- [Work order]
Transcribe exactly the lines from the one containing "Watercolor narcissus flower" through the end of the data, both included. Leave out pictures.

________________________

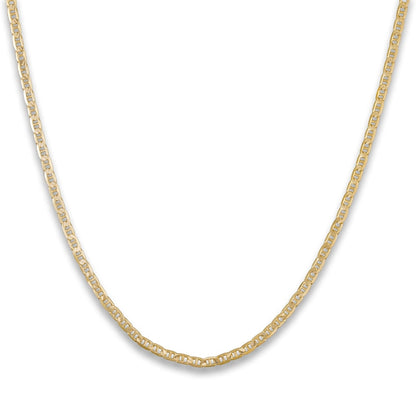 14KT Yellow Gold 3mm Flat Mariner Link Chain – 7.3g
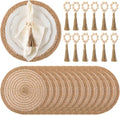 24 Pcs 15'' Burlap Boho Woven Placemat Wood Bead Napkin Rings by Gandeer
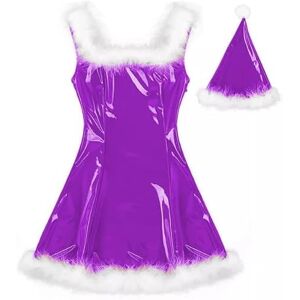 MINUSE 22 Colors Women Santa Claus Glossy Mini Dress Sleeveless PVC Dress Sexy Cosplay Costume Christmas Uniform With Hat,Rose Purple,4XL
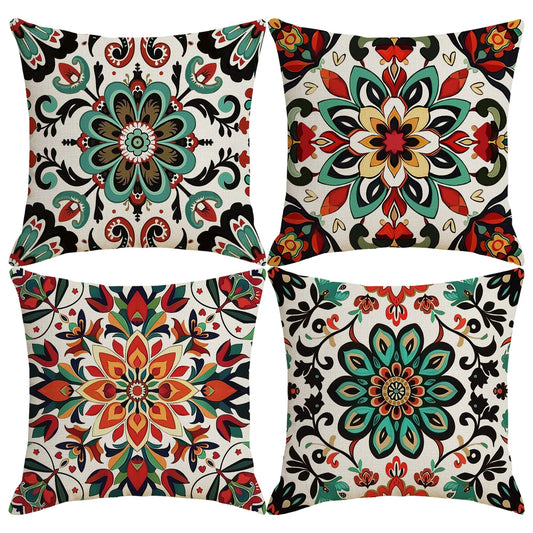 Set of four linen-look polyester pillow covers with colorful floral medallion prints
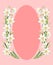 Watercolor narcissus flower rectangle frame with pink ellipse space for text. Hand drawn daffodil wreath. Floral design for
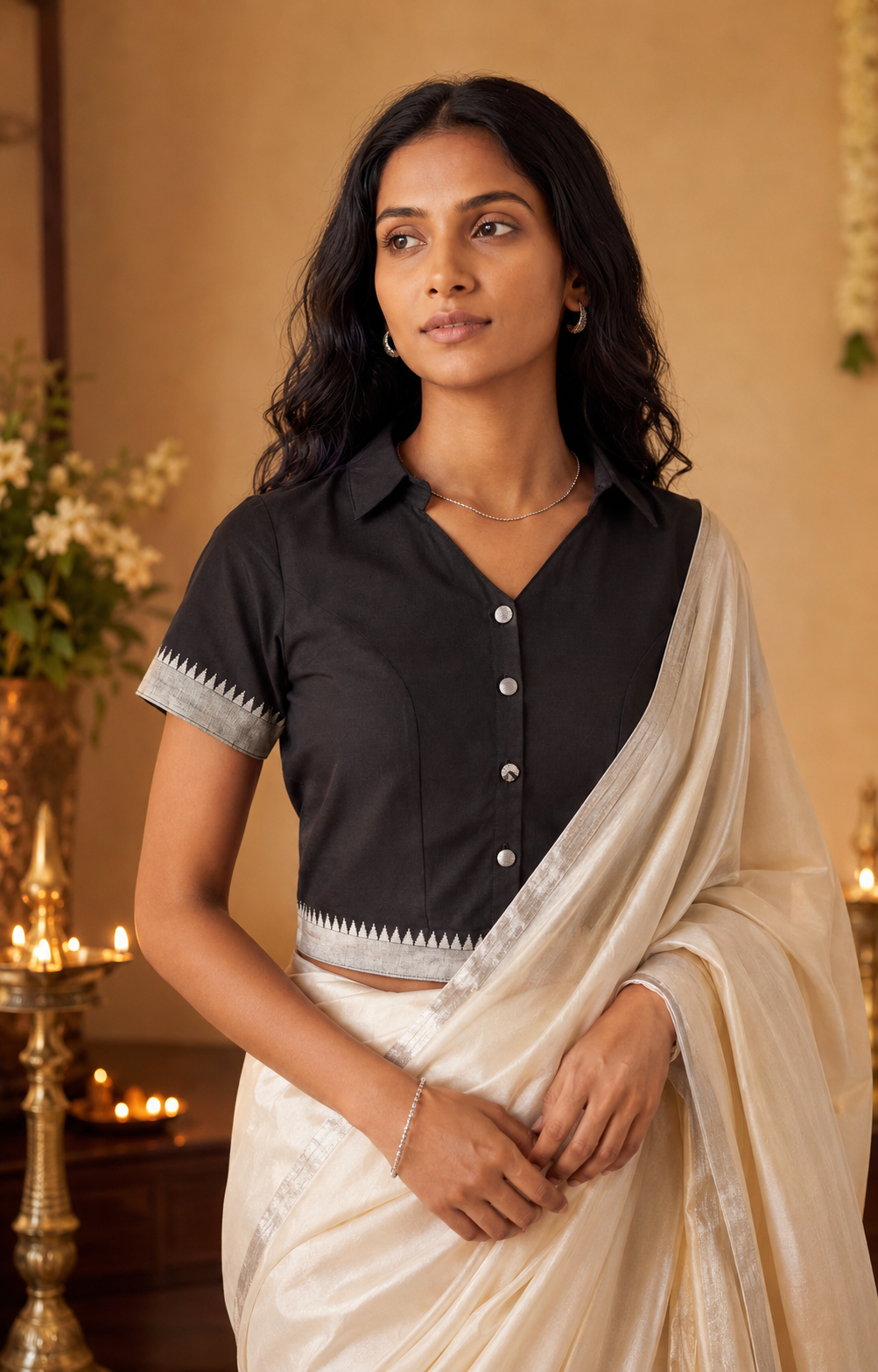 Dark knight Button-Up Blouse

________________________

- [Result for this task]
 Watercolor narcissus flower rectangle frame with pink ellipse space for text. Hand drawn daffodil wreath. Floral design for
 Dark knight Button-Up Blouse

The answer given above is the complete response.